[Tutor] regex: don't match embedded quotes
Albert-Jan Roskam
fomcl at yahoo.com
Tue Jun 11 12:56:34 CEST 2013
Hi,
I have written a regex that is supposed to match correctly quoted (single quotes on each side, or double quotes on each side) text. It works, but it also matches embedded quoted text, which I don't want to happen.
I should somehow modify the 'comment' group such that it backreferences to 'quote' and includes only the inner quote sign.
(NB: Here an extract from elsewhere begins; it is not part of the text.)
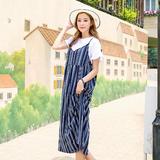 韩国代购2016JUL新夏季女装大码短袖T恤条纹吊带连衣裙长裙两件套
Background: I am playing around with this to see how hard it would be to write my own Pygments lexer, which I could then also use in IPython notebook.
>>> import re
>>> s = "some enumeration 1 'test' 2 'blah' 3 'difficult \"One\"'."
>>> matches = re.finditer("(?P<quote>['\"])(?P<comment>[^'\"]*)(?P=quote)", s, re.DEBUG)
subpattern 1
in
literal 39
literal 34
subpattern 2
max_repeat 1 65535
in
negate None
literal 39
literal 34
groupref 1
# follow-up to a previous thread about splitting on punctuation: I have no idea how the output of re.DEBUG could help me improve my regex.
>>> [match.group("comment") for match in matches]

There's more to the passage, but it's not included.